Prescription medicinal cannabis Thanks Matthew and Andrew for your thoughts :)
Correct, impairment can be from a wide range of things, and we already have processes in place to monitor and support our team through things like life crisis events, mental health, secondary work or the tiring experience that comes with caring for newborn children.
We're not looking at changing our policy from any angle of judgement or 'busy bodying' at all. I do feel that organisations do need to have some form of 'impairment policy' to manage that risk, but totally agree with you @Matthew where traditional D&A policies take that moralistic stance. This is why we've been reviewing our existing archaic one.
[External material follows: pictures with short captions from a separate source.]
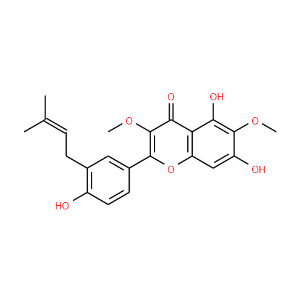 5,7,4-Trihydroxy-3,6-dimethoxy-3-prenylflavone - Click Image to Close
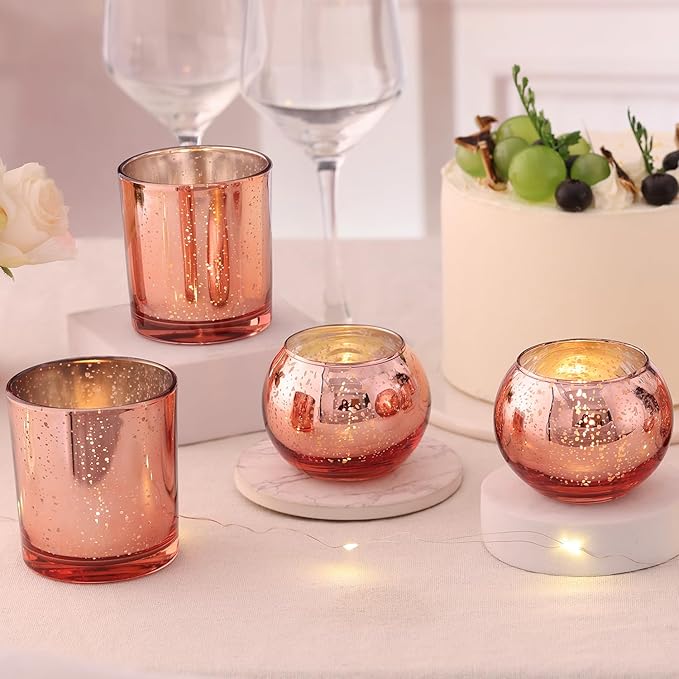 10 Pcs Assorted Rose Gold Candle Holders, Larger Size Mercury Glass Votives for Wedding, Rose Gold Birthday Decorations, Votive Candle Holders for Valentines/Bridal Shower/Sweet 16 Party Favors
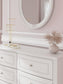 Maylilly Full Upholstered Panel Bed, Dresser and Mirror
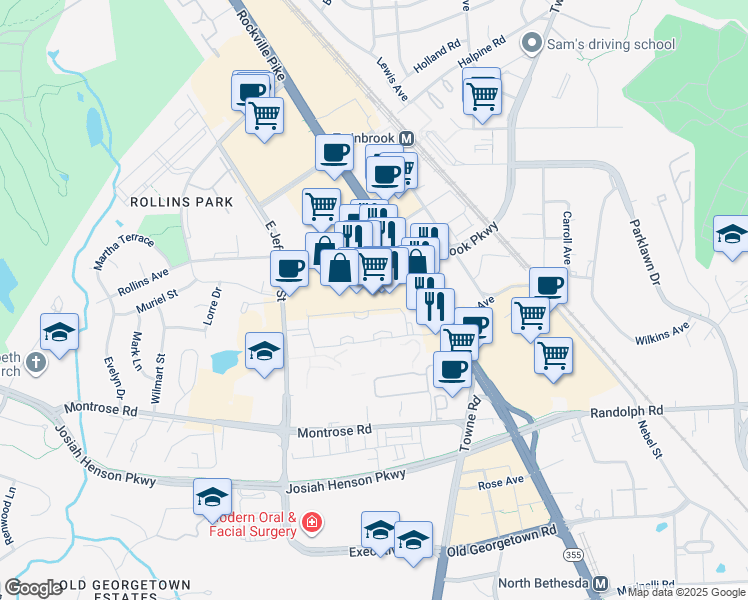 map of restaurants, bars, coffee shops, grocery stores, and more near 12268 Rockville Pike in Rockville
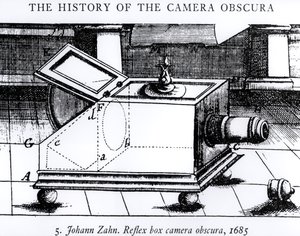 The Reflex Box Camera Obscura by Johann Zahn, 1685, from The History of the Camera Obscura by English School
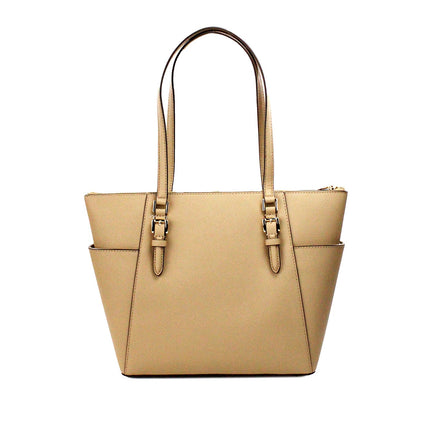 Charlotte Camel Grote Leren Top Zip Tote Tas Tas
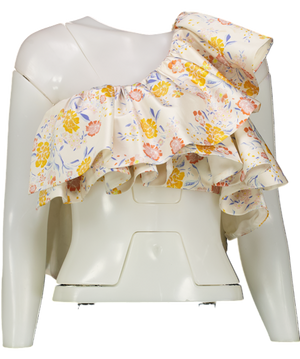 Amur Cream Floral One Shoulder Ruffle Top Us4 UK 8
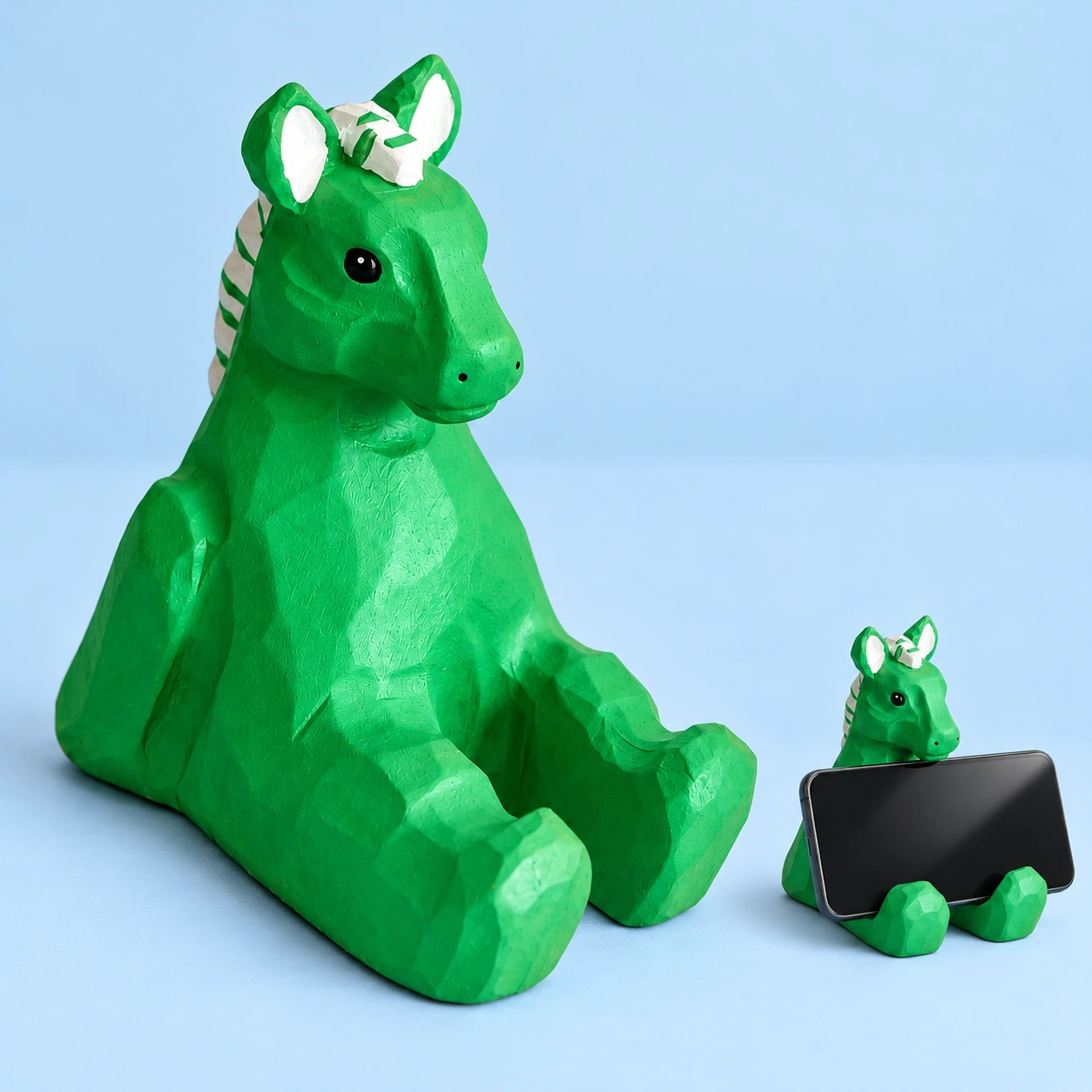Green Wooden Horse Phone Stand shown complete with illustrated phone use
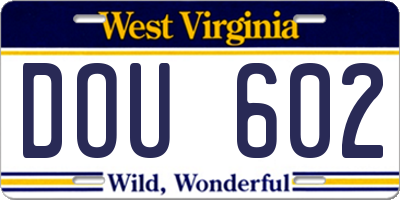 WV license plate DOU602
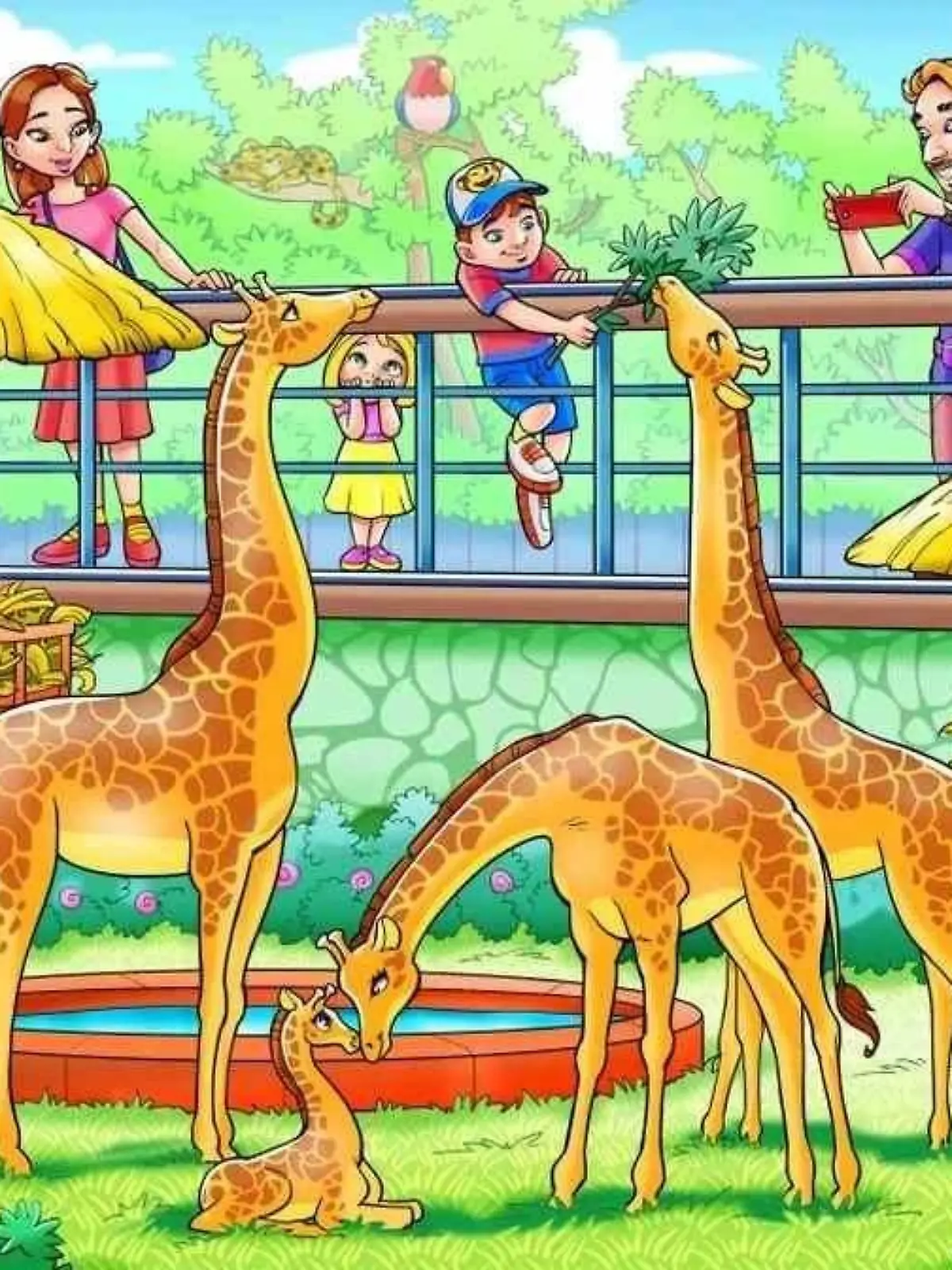 Suchbild Affe im Giraffengehege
As part of our review, we've canned random testing and will focus any testing on reasonable grounds and post incident testing as a more effective way to manage potential impairment risk related to D&A use. Personally, I think gone are the days where cannabis = Bob Marley, and I for one voted yes in the last referendum - for a number of reasons, personally using it not being one of them.
From the research I've done so far though, I think a lot of businesses will be looking at reviewing their policy in relation to the use of medicinal cannabis. However feedback from people like the GP at the Cannabis Clinic, the NZ Drug Foundation and our lawyer has been that a lot have just put it in the too hard basket. So I'm really interested in sharing and hearing about experiences and thoughts with others here who may have already gone down this path. And any advice specifically around the saliva testing question would be really helpful.